CARAN D’ACHE, the pseudonym (meaning “lead-pencil”) of Emmanuel Poiré (1858–1909), French artist and illustrator, who was born and educated at Moscow, being the grandson of one of Napoleon’s officers who had settled in Russia. He determined to be a military painter, and when he arrived in Paris from Russia he found an artistic adviser in Detaille. He served five years in the army, where the principal work allotted to him was the drawing of uniforms for the ministry of war. He embellished a short-lived journal, La Vie militaire, with a series of illustrations, among them being some good-tempered caricatures of the German army, which showed how accurately he was acquainted with military detail. His special gift lay in pictorial anecdote, the story being represented at its different stages with irresistible effect, in the artist’s own mannered simplicity.

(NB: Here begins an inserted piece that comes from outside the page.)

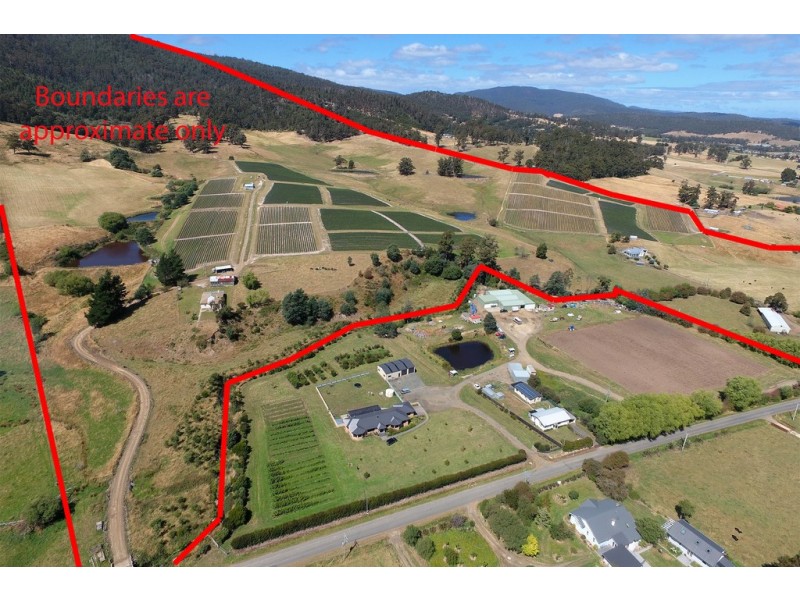 100 Slab Road, Cygnet TAS 7112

Much of his work was contributed to La Vie parisienne, Le Figaro illustré, La Caricature, Le Chat noir, and he also issued various albums of sketches, the Carnet de chèques, illustrating the Panama scandals, Album de croquis militaires et d’histoire sans légendes, Histoire de Marlborough, &c., besides illustrating a good many books, notably the Prince Kozakokoff of Bemadaky. He died on the 26th of February 1909.

A collection of his work was exhibited at the Fine Art Society’s rooms in London in 1898. The catalogue contained a prefatory note by M. H. Spielmann.